It’s a whole lot faster-with the same functionality.
CONDA INSTALL PACKAGE INCONSISTENT INSTALL
Whether developing on your machine or packaging with Docker, you should use Mamba to install your Conda packages. In the context of Docker builds, the fixed cost of RUN conda install -c conda-forge mamba will go away after the first build if you’re using Docker layer caching, which you should be.On your development computer, you can just have Mamba installed in the base environment (see above), so there isn’t really much savings.Unlike the speedup from switching, which will probably scale at least somewhat with number of packages, this is a fixed overhead: you’re just saving the one-time RUN conda install -c conda-forge mamba.
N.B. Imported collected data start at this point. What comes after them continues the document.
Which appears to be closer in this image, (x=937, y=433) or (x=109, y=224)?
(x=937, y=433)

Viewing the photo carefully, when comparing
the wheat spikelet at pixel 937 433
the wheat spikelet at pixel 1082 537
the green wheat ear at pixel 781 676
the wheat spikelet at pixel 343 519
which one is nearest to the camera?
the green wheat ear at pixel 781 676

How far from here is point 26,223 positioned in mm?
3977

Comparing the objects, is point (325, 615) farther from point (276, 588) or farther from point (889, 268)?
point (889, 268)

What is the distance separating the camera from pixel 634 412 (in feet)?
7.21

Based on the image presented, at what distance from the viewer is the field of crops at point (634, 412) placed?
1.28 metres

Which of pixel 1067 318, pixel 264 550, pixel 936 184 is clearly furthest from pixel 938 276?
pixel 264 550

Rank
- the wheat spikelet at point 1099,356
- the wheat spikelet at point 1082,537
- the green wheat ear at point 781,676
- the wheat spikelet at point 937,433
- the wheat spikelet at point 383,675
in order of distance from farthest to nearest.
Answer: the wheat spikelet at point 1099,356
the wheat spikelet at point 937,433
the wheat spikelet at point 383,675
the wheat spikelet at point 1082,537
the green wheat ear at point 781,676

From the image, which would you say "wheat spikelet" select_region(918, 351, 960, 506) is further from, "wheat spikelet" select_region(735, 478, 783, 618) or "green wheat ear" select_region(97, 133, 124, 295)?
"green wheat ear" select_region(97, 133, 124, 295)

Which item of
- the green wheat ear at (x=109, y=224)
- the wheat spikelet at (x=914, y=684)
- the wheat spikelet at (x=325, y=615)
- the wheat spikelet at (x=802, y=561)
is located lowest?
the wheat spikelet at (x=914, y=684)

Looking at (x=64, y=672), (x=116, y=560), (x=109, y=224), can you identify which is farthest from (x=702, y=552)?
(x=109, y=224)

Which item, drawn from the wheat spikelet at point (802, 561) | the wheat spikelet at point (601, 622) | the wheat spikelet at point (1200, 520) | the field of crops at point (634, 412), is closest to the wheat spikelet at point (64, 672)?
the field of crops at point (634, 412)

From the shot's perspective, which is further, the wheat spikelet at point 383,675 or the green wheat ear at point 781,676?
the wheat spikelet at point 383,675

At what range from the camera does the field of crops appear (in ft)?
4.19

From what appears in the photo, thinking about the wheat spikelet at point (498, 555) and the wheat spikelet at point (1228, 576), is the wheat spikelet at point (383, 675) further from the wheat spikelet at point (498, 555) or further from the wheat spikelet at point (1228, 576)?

CONDA INSTALL PACKAGE INCONSISTENT SOFTWARE
Packages are bundles of software and supporting files stored in any of a variety of repositories called channels. This isn’t bad, but it isn’t quite as exciting as the speed-up from switching to Mamba in the first place: Conda is a platform-independent package manager application that can install, update, and remove Python packages. So it looks like using the Docker base image with Mamba pre-installed saves us about 25 seconds. $ time docker build -q -no-cache -f Dockerfile.just-mamba. Looking back at the Dockerfile using mamba above, it still has one caveat:

Speeding up Docker builds a little bit more

If you look back at the two Dockerfiles above, you’ll notice that once Mamba was installed, all you had to was replace conda with mamba in the command-line. conda-forge-repodata-patches public generate tweaks to index metadata, hosted separately from index cachedpath public A file utility for accessing both local and remote files through a unified 2022-02. Backwards compatible, with the same command-line options.Mamba is a re-implementation of the Conda package manager, designed to be: Make sure your production software is packaged securely, efficiently, and quickly: Read the pragmatic, thorough, and concise Python on Docker Production Handbook. Note: Outside any specific best practice being demonstrated, the Dockerfiles in this article are not examples of best practices, since the added complexity would obscure the main point of the article. Much of that is due to less CPU usage, but even network downloads seem to be little faster Mamba uses parallel downloads to speed them up. Mamba installs these packages in only a third of the time that Conda does.